Is there a good way to backup a petabyte of data and store it?

I'm starting to see clients with hundreds of terabytes of data (in SQL Server installations). As the total volume of data in some enterprises approaches meaningful fractions of a petabyte, I'd like to canvas the collective knowledge base out there to see what people dealing with that magnitude of data are doing to safeguard it.

The obvious issue is that storing multiple backups of that much data is prohibitively expensive, using enterprise-class storage, heck, even just RAID-5.

Options I see are as follows:

  1. Create a mirror copy of the data in another data-center, and continually ship differences to it (using whatever mechanism is available for your data source - e.g. log-shipping or database mirroring with SQL Server)
  2. Take regular backups using a hefty compression algorithm (probably only suitable if the data lends itself well to being heavily compressed)
  3. Take piecemeal backups of the critical/changing parts of the data.
  4. Don't backup the data and trust the corruption-gods.

I'm seeing option #4 being adopted as the default, and as an HA/DR expert it's really scary, but what do I advise as an alternative? I think #1 is the best approach, but "I don't think so" is the usual answer when any alternatives apart from #4 and possibly #3 are suggested.

Now, of course it depends on the change-rate and criticality of the data. No need to answer with that as I used to be responsible for all the HA features of SQL Server while I worked at Microsoft so I'm well-versed in the 'it depends' arguments - that's my catch-phrase :-)

I'd be very interested to hear of any alternatives I've missed, or to hear that everyone else is in the same boat and there's no realistic alternative to spending lots of money on more storage.

Thanks in advance - due credit will be given to all well thought-out and expressed answers.


Solution 1:

Off the wall idea - is the all of the stored information needed or even useful?

How much is the information actually worth? It seems obviously ridiculous to spend more in upkeep and management than the data is worth.

Is the data in the database appropriate for storage in a database? For example, does keeping compressed multi-gigabyte core files in the support organization's database really provide any actual benefit?

Is there a lot of duplicated data in the database? For example, are a thousand people keeping ten copies each of a weekly 10MB newsletter?

Does some of the data have an "expiration date" after which it does not provide any value? Returning to the support organization example, for various reasons there is virtually no benefit in keeping around customer core files more than a few months after a fix has been delivered.

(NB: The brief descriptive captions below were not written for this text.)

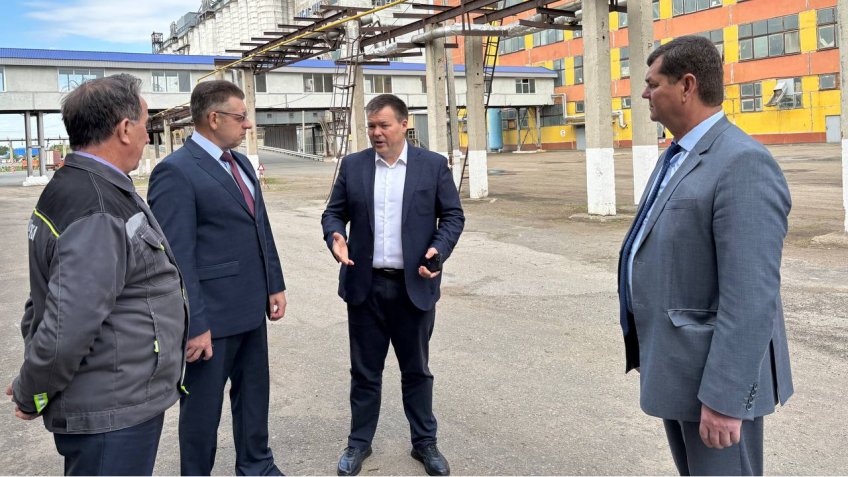 Фото: Телеграм-канал Алексея Леушкина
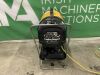 UNRESERVED 2013 Master XL6 110v Kerosane Heater - 3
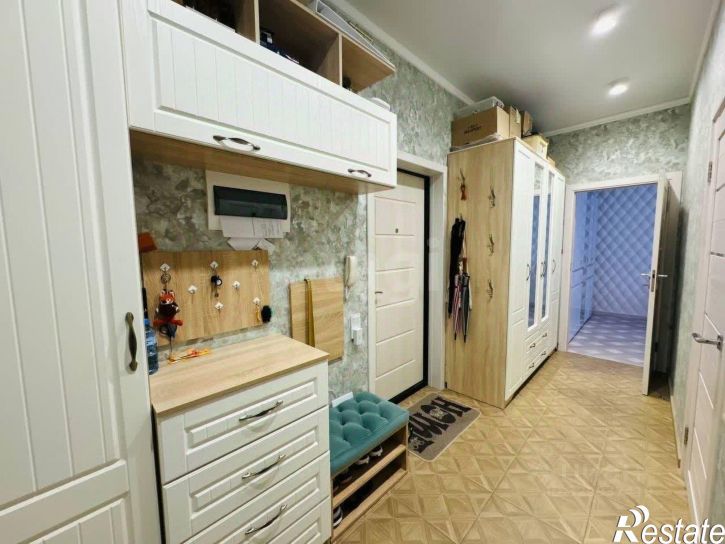 2-комн квартира ул Суворова, 27 2,  д. 27 2,  к. 2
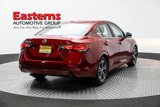 Used 2021 Nissan Sentra SV image 5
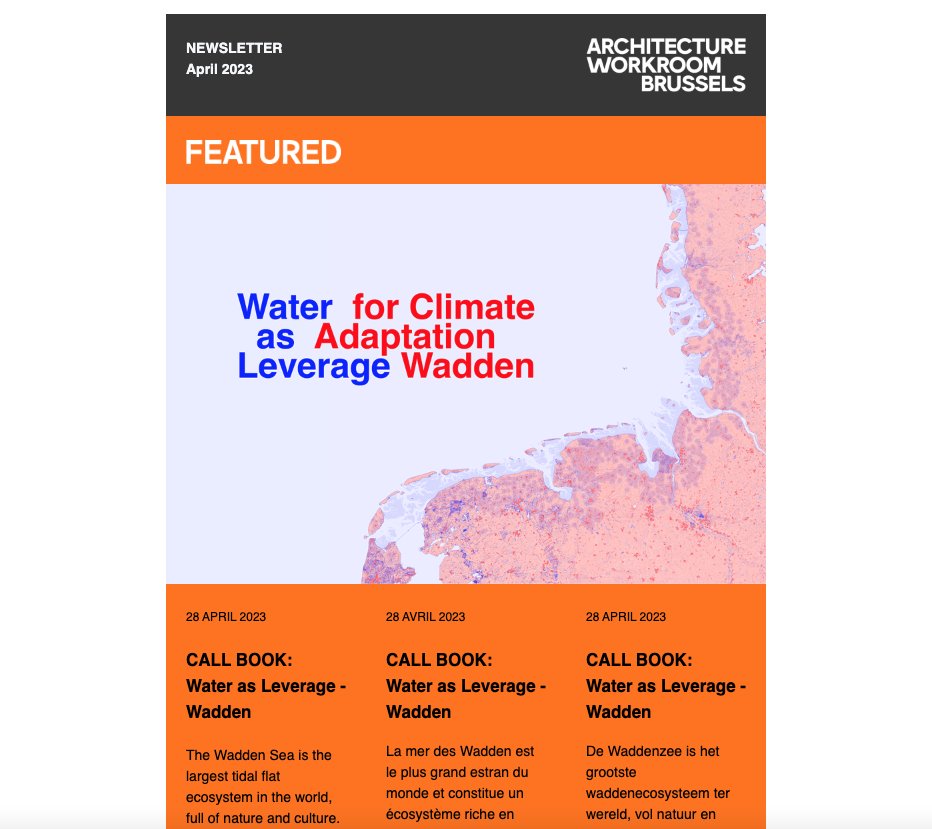 We sent out our latest newsletter last week: 
campaign.systemantics.net/t/y-F6B178C95F…

Don't want to miss out on these in the future? Subscribe here: campaign.systemantics.net/h/y/6B6A4E84DB…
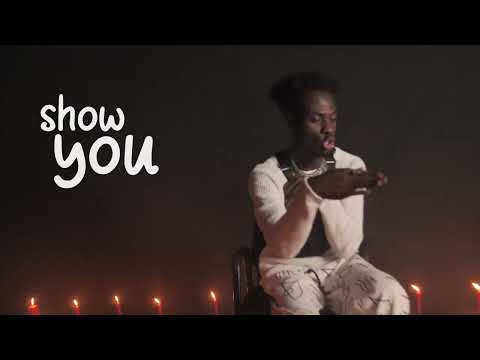 Kimilist -  Stranger (Official Video)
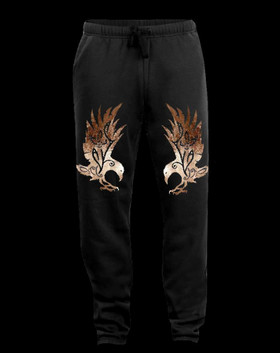Hugin & Munin sweatpants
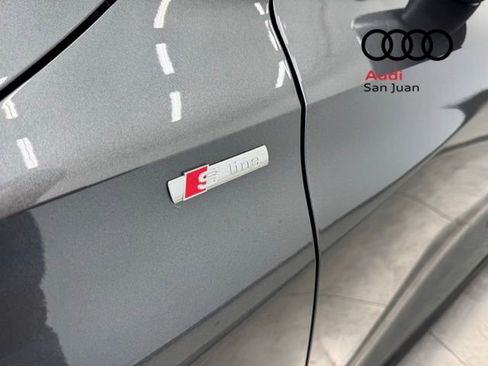 New 2026 Audi A3 2.0T Premium image 6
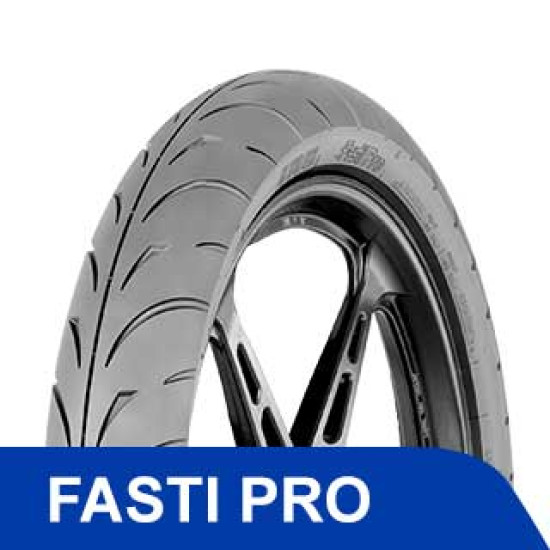 BAN IRC FASTI PRO 90/80-14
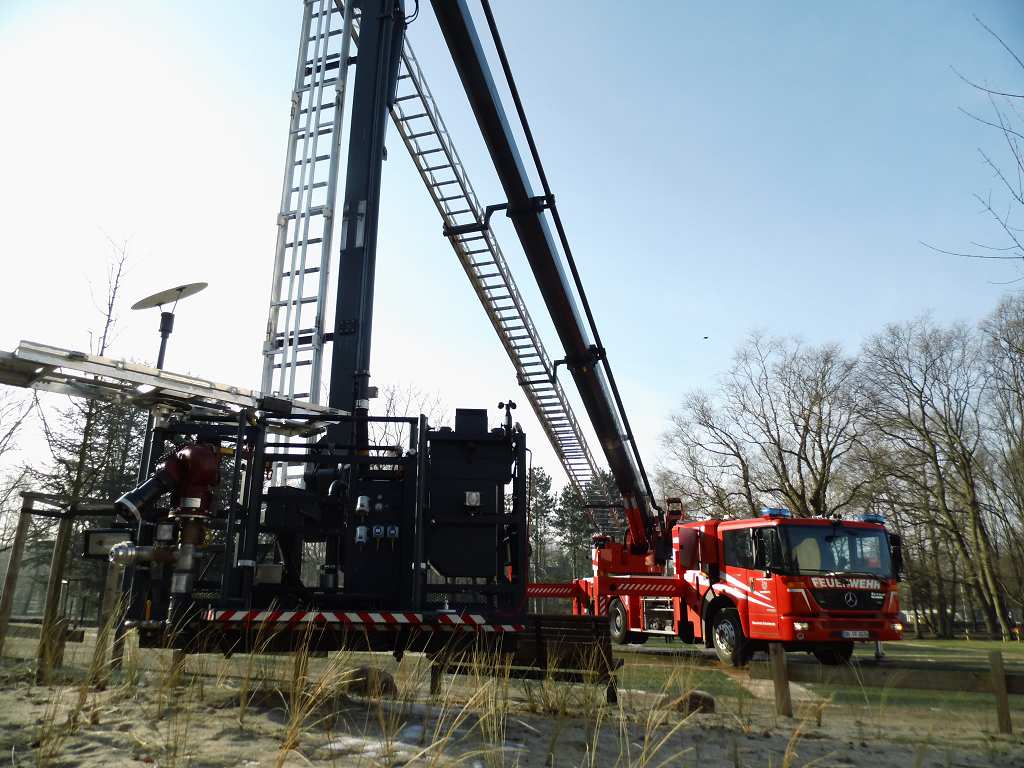 Scharbeutz TMF Bild 4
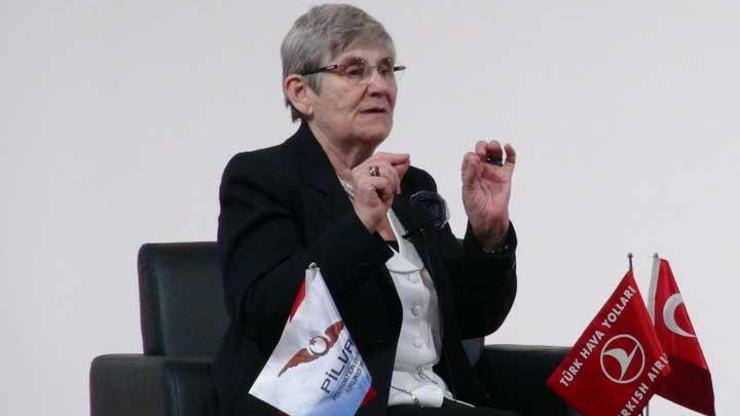Prof. Dr. Canan Karataydan pilotlara öneriler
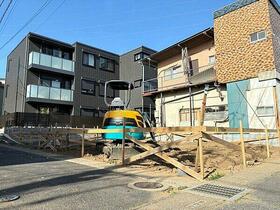 埼玉県川口市南鳩ヶ谷７丁目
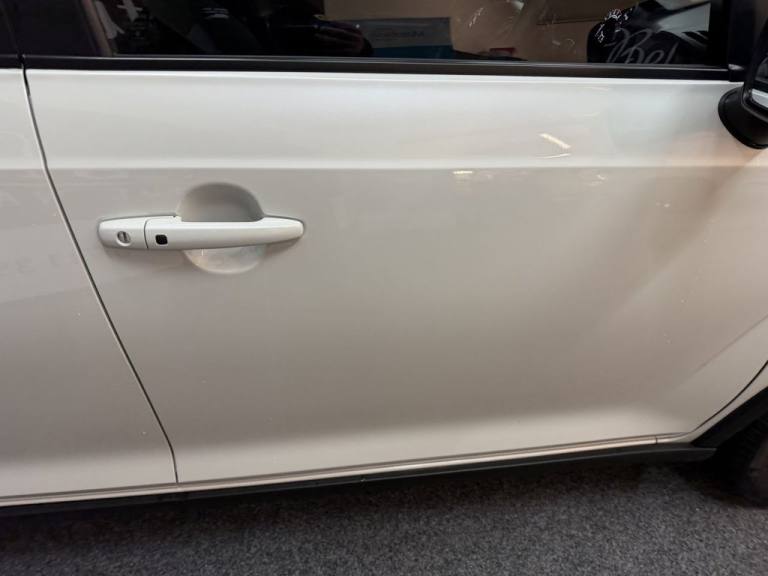 2022 Suzuki Ignis 1.2 Dualjet MHEV SZ5 Hatchback 5dr Petrol Hybrid CVT Euro 6  Hatchback PETROL A...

Another thought - is keeping that much data opening the company to liabilities. Some data one must, by law, keep. Some data, however, should be "shredded" because of the risks posed if it is accidentally, or maliciously, released to inappropriate parties.

Solution 2:

Yeah, another option is storage virtualization: a device that sits between your servers and the SAN, like IBM SVC. SVC manages SAN-to-SAN copies, and can do remote replication (although that's obviously pretty painful at the petabyte level unless you have really low data change rates and really high bandwidth.)

The slick part is that the whole process is invisible to the servers involved. If you're using SQL Server, you design your filegroups to keep things with a low change rate together (like sales archives from >3 years ago), and things with a high change rate (like current sales) on a separate filegroup. They don't even have to be completely read-only - you just want to design it so that you can use different replication methods for each filegroup. The SAN gear can sync luns via network, tape, or via SANs - meaning, you can ship parts of the SAN back and forth. This is more effective with gear like LeftHand's, where the SAN is made up of a pool of participating units.

Then you can sync the low change rate stuff over the wire automatically, and sync the high change rate with sneakernet. (Sounds like I've got that backwards, but it's true - you can't sync the high change rate stuff over the wire due to volume.) Even some of the low-end gear accommodates this now: LeftHand lets you replicate to other LeftHand units in your datacenter, and then ship them to your offsite datacenter. Plug 'em in, join them to the remote side by changing IPs and groups, and now they're part of your remote backup SAN. The LeftHand sales pitch on this is just brilliant: set up your two SANs side-by-side in your primary datacenter, get them in sync, then you can ship parts of them over to the remote datacenter while some of them stay in your current datacenter to keep in sync. Gradually move 'em over without getting way out of sync.

I haven't done this at the petabyte level, though. You know what they say - in theory, in theory and in practice are the same. In practice...

Solution 3:

Option 1 is mirroring, which is almost as bad as #4: any bug that corrupts data, and isn't discovered immediately, will corrupt both copies.

If the data is critical, consider dedicated solutions; read about IBM's Shark products, for example, or competing products from EMS, etc. They have features like Flash-copy, that allow you to instantly create a logical copy of the file without doubling disk requirements; and then you can backup this copy to (e.g.) tape. Look into robotic tape backup as well.